Homelessness is a problem among young people in Massachusetts. One organization is trying to level the playing field for students impacted by homelessness. WGBH radios introduces us to School on Wheels of Massachusetts — and one young woman whose life is changed forever because of it.
"We started out pretty much like any other family," says Nicole O'Brien of Brockton. But 25-year-old O'Brien and her family soon found themselves homeless, victims of sorts of the Boston Marathon Bombing -- even though they weren't anywhere near the finish line.

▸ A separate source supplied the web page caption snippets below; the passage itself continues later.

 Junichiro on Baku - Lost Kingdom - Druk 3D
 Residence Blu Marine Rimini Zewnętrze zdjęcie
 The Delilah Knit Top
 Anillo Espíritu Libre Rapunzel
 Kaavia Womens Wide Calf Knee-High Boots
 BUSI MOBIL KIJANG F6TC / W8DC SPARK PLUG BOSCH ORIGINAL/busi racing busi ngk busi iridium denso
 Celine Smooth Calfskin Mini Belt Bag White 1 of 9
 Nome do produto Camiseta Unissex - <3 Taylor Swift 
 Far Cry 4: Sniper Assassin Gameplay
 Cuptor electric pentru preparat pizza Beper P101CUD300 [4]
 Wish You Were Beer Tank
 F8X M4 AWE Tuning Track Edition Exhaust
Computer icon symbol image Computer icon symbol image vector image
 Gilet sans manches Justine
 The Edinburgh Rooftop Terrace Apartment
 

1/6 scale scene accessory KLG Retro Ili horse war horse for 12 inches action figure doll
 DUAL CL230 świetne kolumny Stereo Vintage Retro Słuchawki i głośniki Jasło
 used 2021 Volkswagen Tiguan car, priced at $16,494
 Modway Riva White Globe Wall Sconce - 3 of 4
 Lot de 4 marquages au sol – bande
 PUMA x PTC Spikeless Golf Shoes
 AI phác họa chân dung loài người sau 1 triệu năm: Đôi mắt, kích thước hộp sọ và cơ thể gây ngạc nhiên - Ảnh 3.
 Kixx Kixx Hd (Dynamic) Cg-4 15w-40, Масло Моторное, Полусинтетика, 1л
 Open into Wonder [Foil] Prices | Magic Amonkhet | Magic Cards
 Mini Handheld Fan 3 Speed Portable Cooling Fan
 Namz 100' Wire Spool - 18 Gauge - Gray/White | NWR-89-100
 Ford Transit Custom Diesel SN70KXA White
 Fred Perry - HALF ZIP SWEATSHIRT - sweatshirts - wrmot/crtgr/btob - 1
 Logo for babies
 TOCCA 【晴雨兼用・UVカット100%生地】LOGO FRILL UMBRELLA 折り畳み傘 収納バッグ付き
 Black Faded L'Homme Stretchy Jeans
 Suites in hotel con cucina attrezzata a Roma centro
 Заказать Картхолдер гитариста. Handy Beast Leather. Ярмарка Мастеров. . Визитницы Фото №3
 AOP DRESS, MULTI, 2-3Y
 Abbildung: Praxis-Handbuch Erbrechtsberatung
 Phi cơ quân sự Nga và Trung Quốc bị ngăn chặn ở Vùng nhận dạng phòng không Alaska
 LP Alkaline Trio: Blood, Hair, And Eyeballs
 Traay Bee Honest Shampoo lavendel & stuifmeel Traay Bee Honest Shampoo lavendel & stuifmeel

"Our new landlord called us and said, 'I can't let you guys move in.' And we asked him, we said why not, what happened? And he said that the woman that was moving out was injured in the bombings, he goes, so she can't move out," explains Nicole.
Not having a place to live added more stress to being a college student at Bridgewater State University. Nicole worried about how she was going to live -- never mind get back and forth to school-- so she and her mom searched online for help.
"She asked if there were any organizations that helped out with school supplies because at that point I was using blank pieces of notebook paper that I had erased all of my notes from, because we just couldn't afford it," says Nicole.
Nicole found School on Wheels of Massachusetts -- they specialize in helping students affected by homelessness. Cheryl Opper is executive director of the program.
"The latest point in time study by the Department of Education estimates that there's approximately 37 thousand homeless school-aged children each year," says Opper, and the average age of a homeless person in Massachusetts is 8 years old. "And every time I say that, I've been saying that for 12 years, it still feels like it's a punch in the stomach."
Since it was founded in 2004, SOW-MA has helped more than 2,000 students. They've also given out about 7500 school supplies including things like backpacks. After her first visit three years ago, Nicole walked out with more than enough supplies for school -- and a mentor:
"You know, I was fortunate that Nicole is very outgoing, very open, communicates very well, wanted a mentor, and we ended up with a very natural relationship from the get-go," says Kathy Strange, who has been in Nicole's life for the past three years. "We all have struggles, they're just different struggles."
For Nicole, a search for help turned out to be so much more.
She will graduate from Bridgewater State University with a degree in criminal justice in a few months-- and for that she credits School on Wheels of Massachusetts.
"I've never had to ask for anything," says Nicole. "From the very moment I walked in, it was a very welcoming environment."